Oh, and is FEIN the same as EIN? Have to ask, just want to make absolutly sure.

Thanks.


----------



## HeyJRod (Sep 28, 2008)

Flipphreak said:


> Applying for my sellers permit in CA, the form is asking for a FEIN (Fed. Employer Identification Number). Can I just put my SS# or do I really need to apply for a FEIN.
> 
> Oh, and is FEIN the same as EIN? Have to ask, just want to make absolutly sure.
> 
> Thanks.


i just applied for mine this week. CA also. I have no employees so I left it blank. maybe that wasnt the smartest idea, ill let you know how it goes. 

im in general partnership so that first section left me a little confused since there were about 3 questions that didnt apply.


----------



## pwapparel (Feb 16, 2007)

I would just get the number. It's free and very useful when you fill out other forms. Just because you have doesn't mean you need to use it for your taxes.


----------



## dixieexpress (Jul 26, 2008)

You only Need a FEIN # if you have employees, yes EIN is the same use your social but you you it in this format ##-######$ in stead of the norm ###-##-####
hpe this Helped


----------



## Robert H (Mar 27, 2007)

When I applied for mine I explained I was a sole proprietor and he said my SSN is fine. I applied for an EIN online anyway to protect my SSN on forms I can sub an EIN.

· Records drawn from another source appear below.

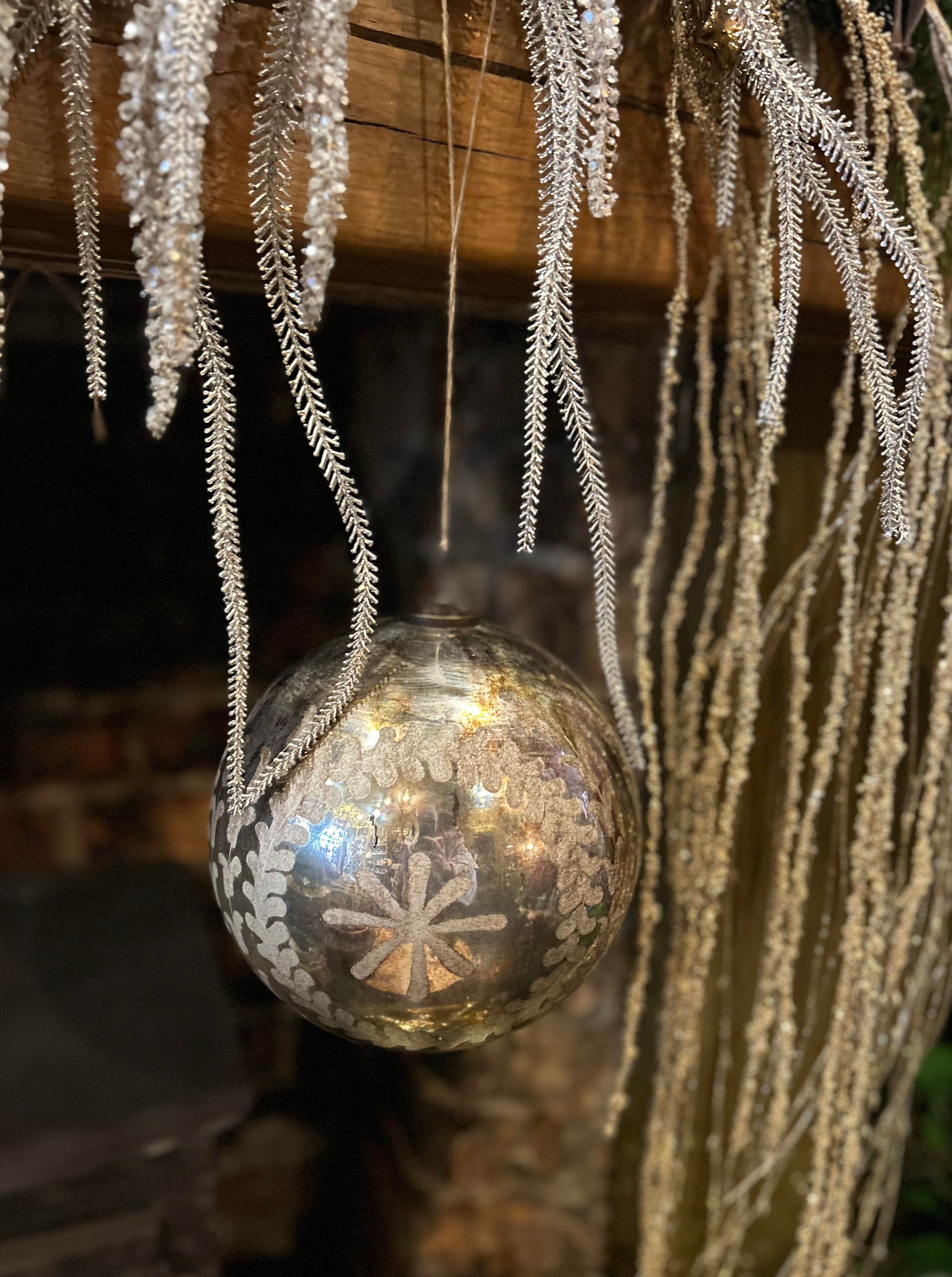 Aged Patina Giant Glass Bauble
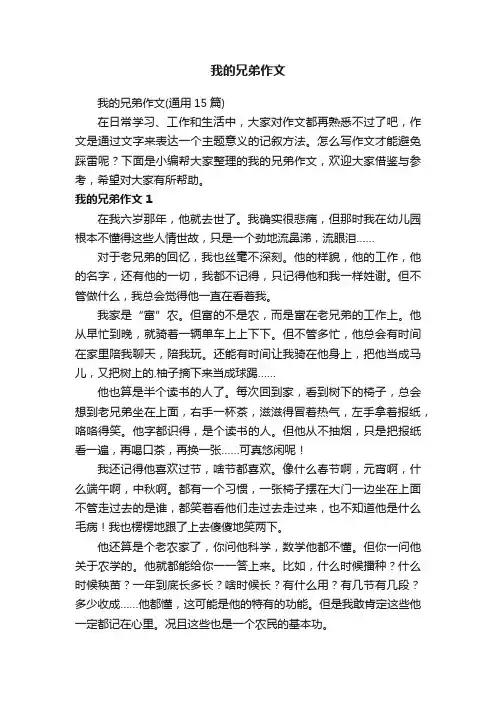 我的兄弟作文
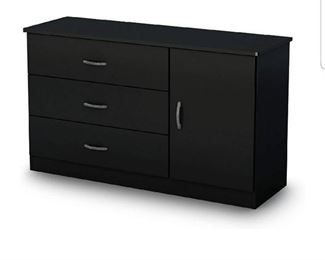 South Shore Libra 3-Drawer Dresser with Cabinet Door, Pure Black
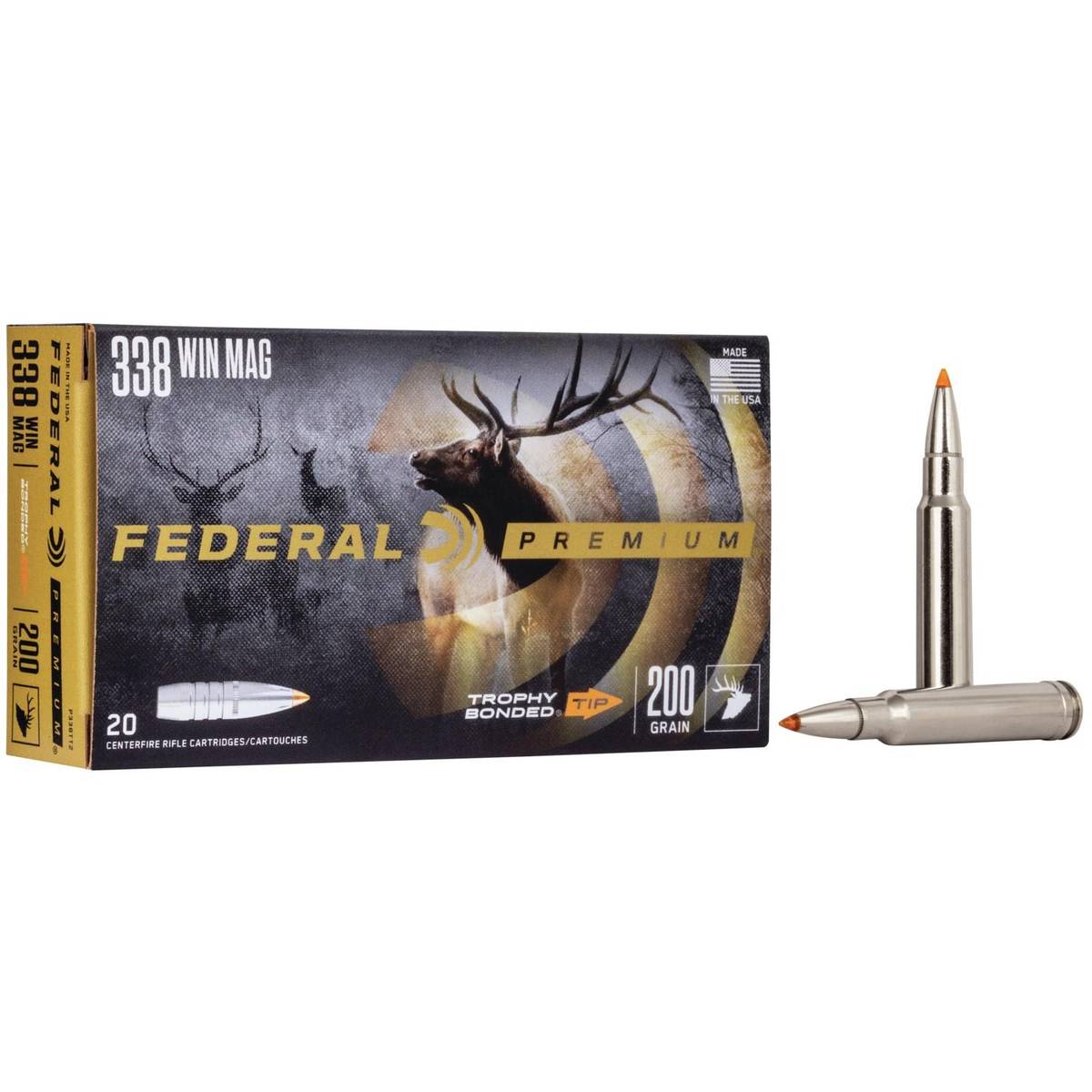 https3A2F2Fmedia.chattanoogashooting.com2Fimages2Fproduct2FFAP338TT22FFAP338TT2_1.jpg Federal Premium Vital-Shok Rifle Ammunition .338 Win Mag 200 gr BT 2930 fps 20 - Image 1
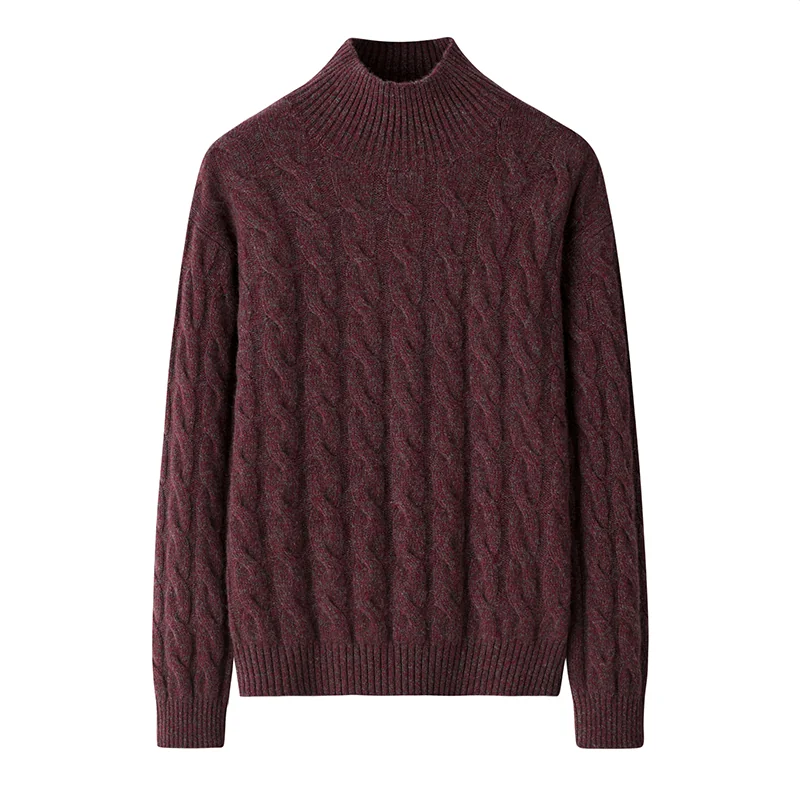 100% Cashmere, Cashmere crew-neck sweater — Pink Colour-block, 14–15.5µm, Cashmere Garment / Women — detail view 2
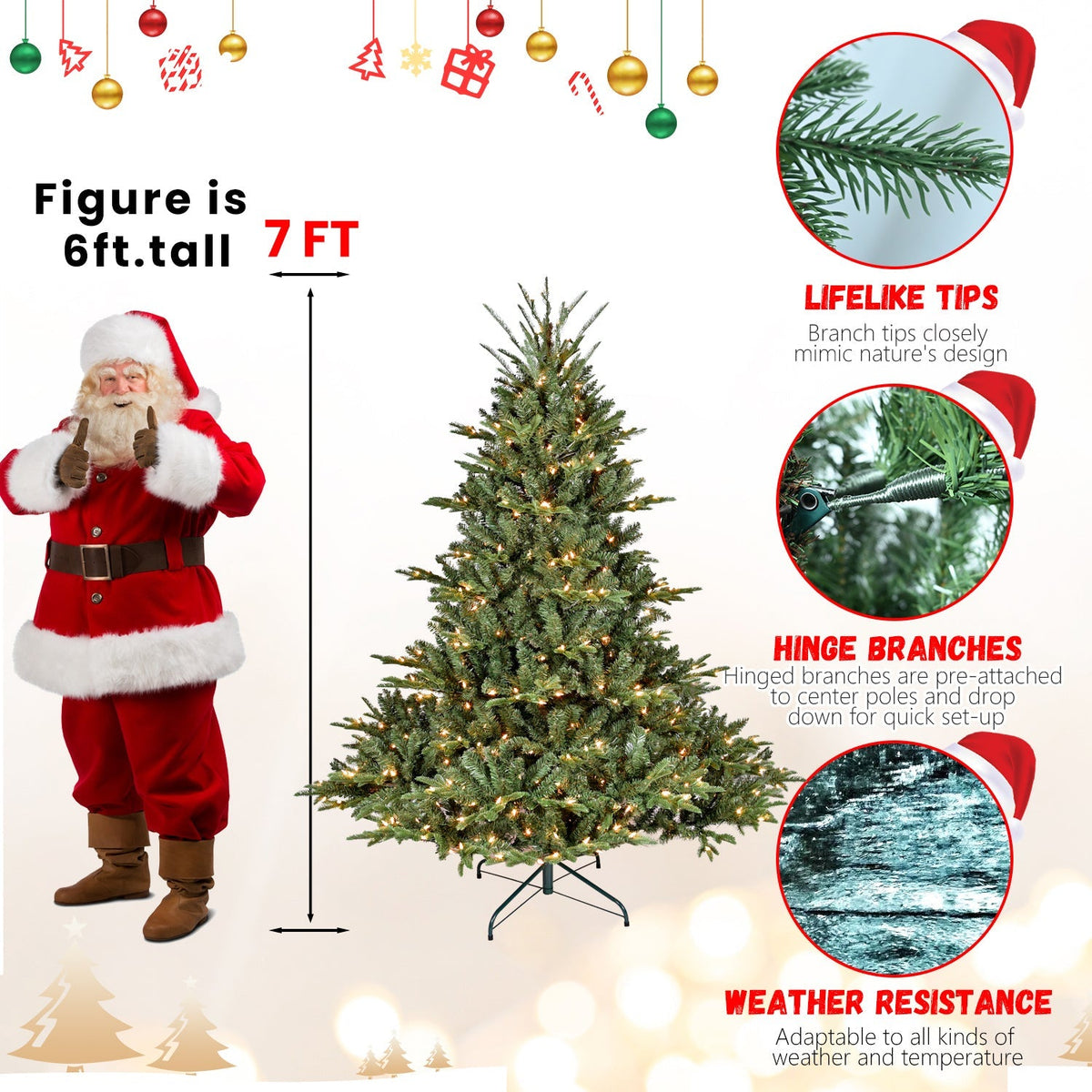 Full-Bodied Pre-Lit Evergreen Christmas Tree with 350 Warm White Lights - Green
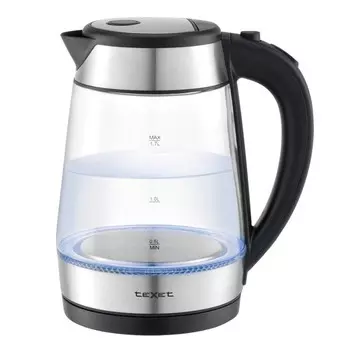 чайник TEXET TGK-01 2200Вт 1,7л стекло серебристый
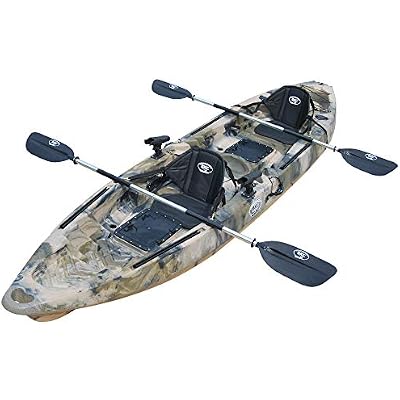 BKC TK122 Angler 12-Foot, 8 inch Tandem 2 or 3 Person Sit On Top Fishing Kayak wSoft Padded Seats and Paddles Green Camo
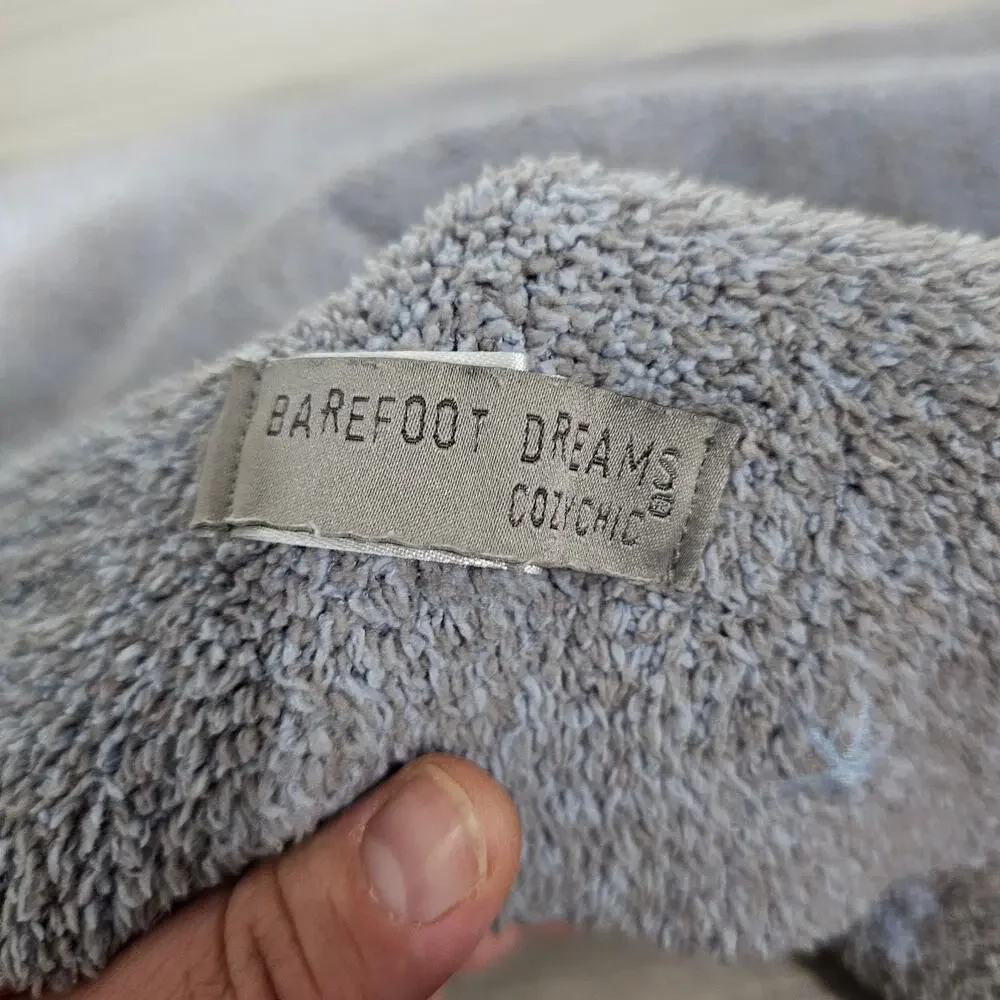 Barefoot Dreams White Sheep Lamb Blue Gray Blanket Plaid Cozychic Security Lovey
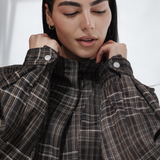 Vintage Plaid Jacket-Brown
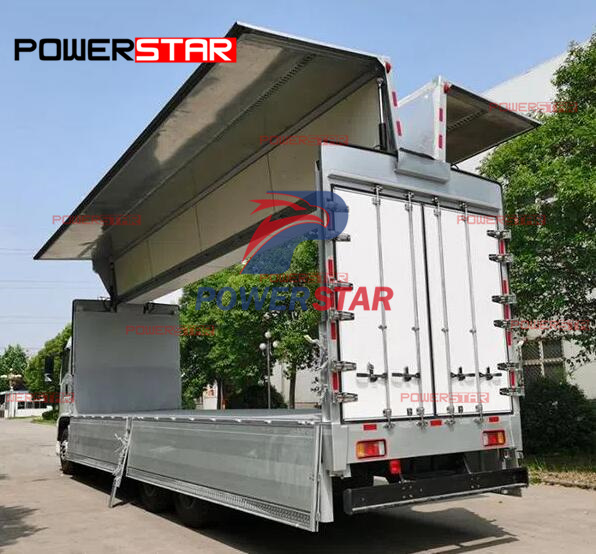 Japan ISUZU GiGA 4x2 Heavy Duty 6 Wheels Side lifting Cargo Van 10 tons Wing Open Box Truck for sale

How long did it take your permit to arrive?


----------



## Flipphreak (Sep 11, 2008)

I got my EIN number online right after filling out the form, so that was pretty painless. The sellers permit will take about 2 weeks I hear so we will see.


----------



## JMBrown (Sep 21, 2008)

Where do you get the EIN?


----------



## since1794 (Nov 6, 2008)

JMBrown said:


> Where do you get the EIN?


Employer ID Numbers (EINs)


----------



## vexx78 (Oct 15, 2008)

You don't need it like people said but it's worth it. It's free and fast and if you biz grows you're going to need one anyways. Go to the gov. site and sign up! Easy to do and so worth it.


----------